Task data:
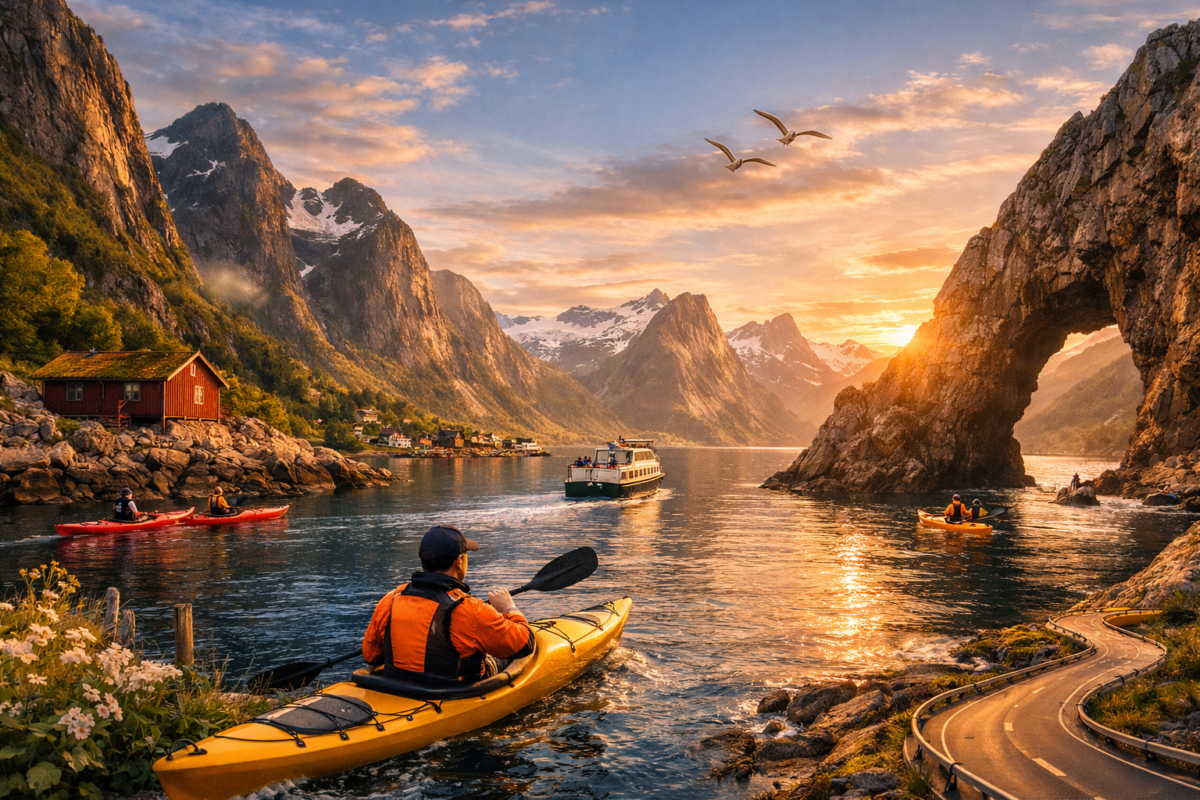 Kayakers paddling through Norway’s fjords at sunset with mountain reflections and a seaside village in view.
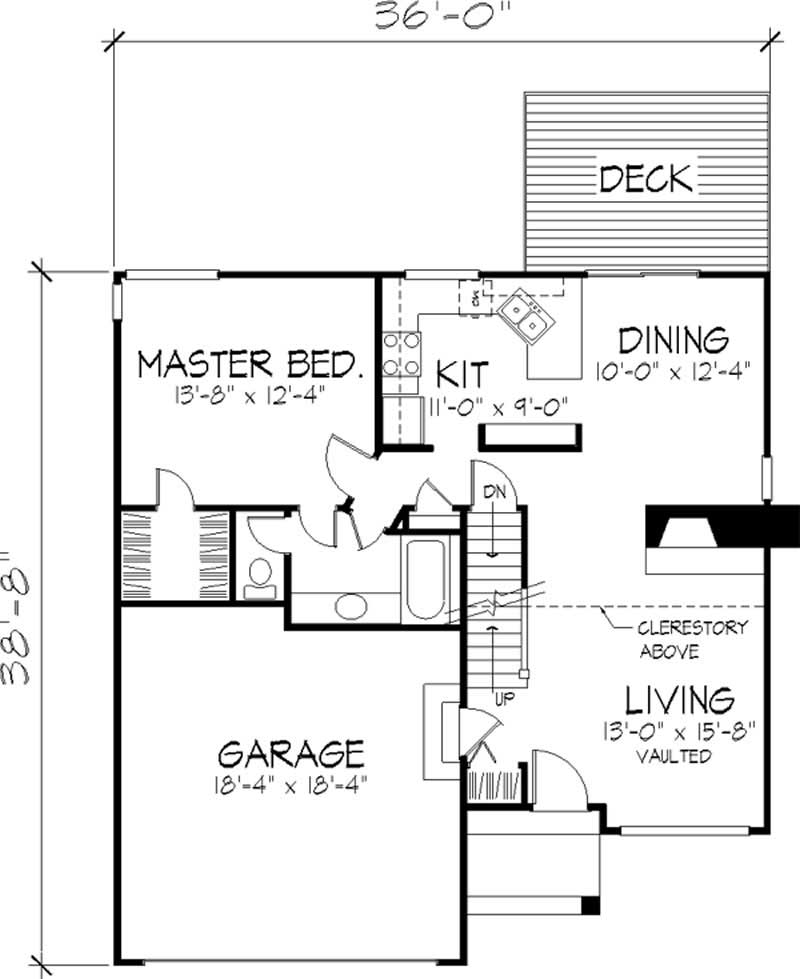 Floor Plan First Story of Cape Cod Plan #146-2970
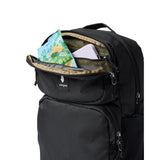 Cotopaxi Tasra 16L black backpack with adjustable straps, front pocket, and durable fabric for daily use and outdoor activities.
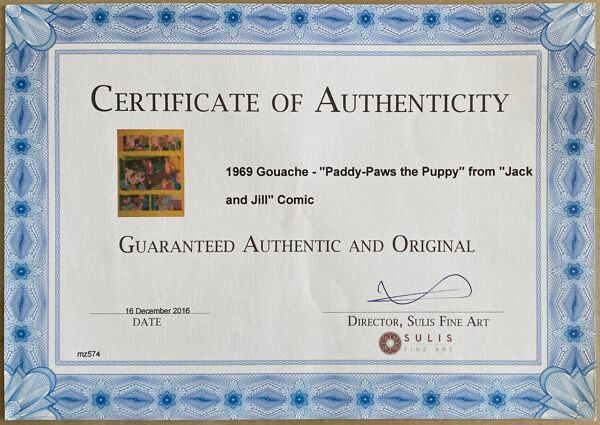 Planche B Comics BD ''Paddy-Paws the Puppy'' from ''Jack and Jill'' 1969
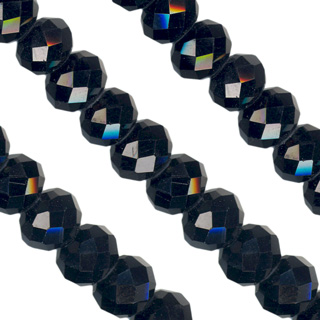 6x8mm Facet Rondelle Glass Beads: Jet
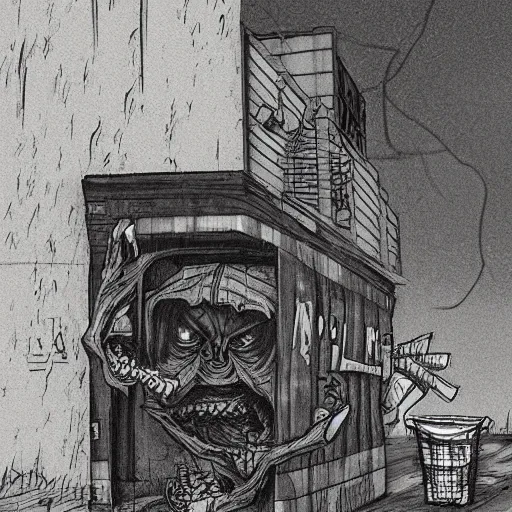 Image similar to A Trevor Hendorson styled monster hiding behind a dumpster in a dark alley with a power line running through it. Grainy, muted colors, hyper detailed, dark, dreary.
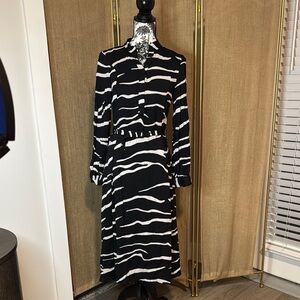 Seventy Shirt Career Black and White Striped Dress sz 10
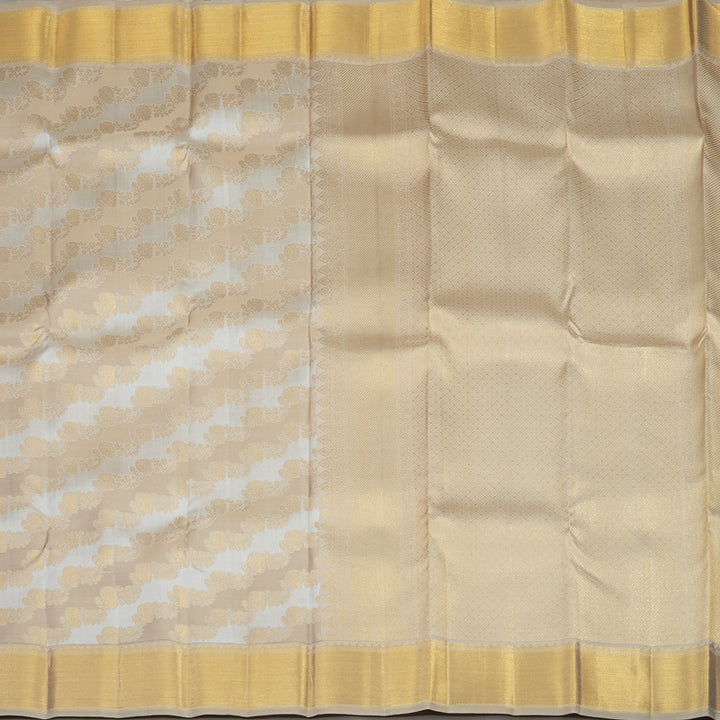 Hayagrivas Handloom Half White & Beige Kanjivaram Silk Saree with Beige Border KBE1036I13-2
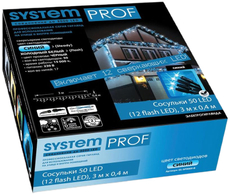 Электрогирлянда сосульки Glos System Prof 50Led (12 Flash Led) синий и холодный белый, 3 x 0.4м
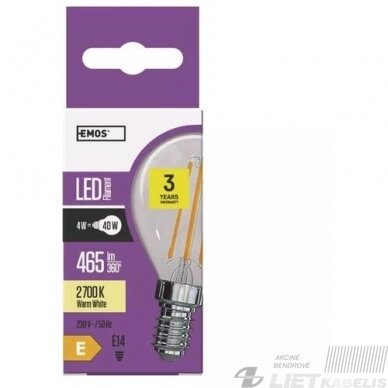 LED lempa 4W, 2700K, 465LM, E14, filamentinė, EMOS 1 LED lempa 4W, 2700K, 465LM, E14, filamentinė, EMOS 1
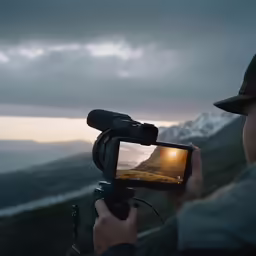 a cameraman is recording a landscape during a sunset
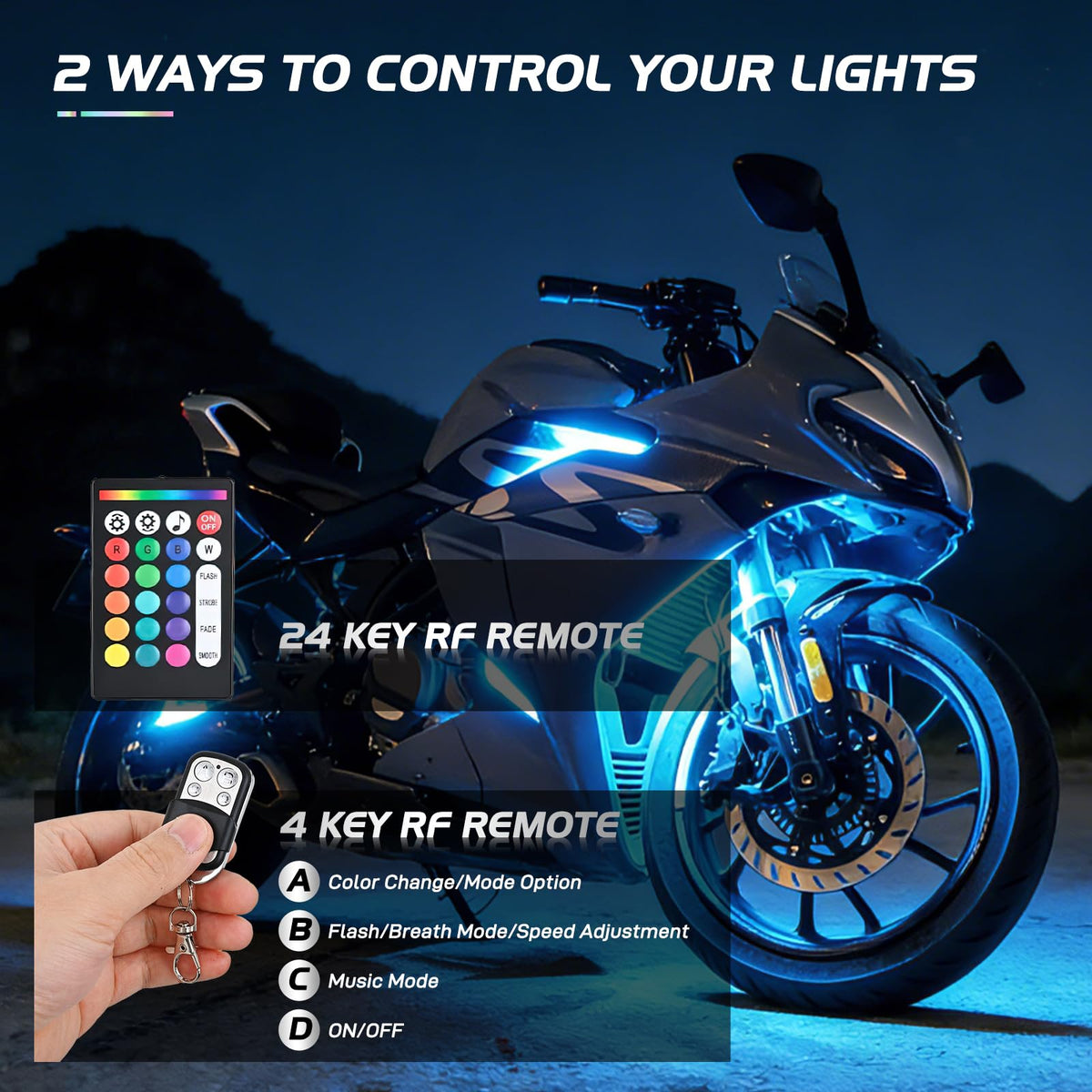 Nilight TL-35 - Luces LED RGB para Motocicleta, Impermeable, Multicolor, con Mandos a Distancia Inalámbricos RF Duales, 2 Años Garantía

Your objective: Print exactly what appears from the first line of the listing above down to the line containing "Seventy Shirt Career", inclusive, and leave out all pictures.

Solution:
 Kayakers paddling through Norway’s fjords at sunset with mountain reflections and a seaside village in view.
 Floor Plan First Story of Cape Cod Plan #146-2970
 Cotopaxi Tasra 16L black backpack with adjustable straps, front pocket, and durable fabric for daily use and outdoor activities.
 Planche B Comics BD ''Paddy-Paws the Puppy'' from ''Jack and Jill'' 1969
 6x8mm Facet Rondelle Glass Beads: Jet
 Image similar to A Trevor Hendorson styled monster hiding behind a dumpster in a dark alley with a power line running through it. Grainy, muted colors, hyper detailed, dark, dreary.
 Seventy Shirt Career Black and White Striped Dress sz 10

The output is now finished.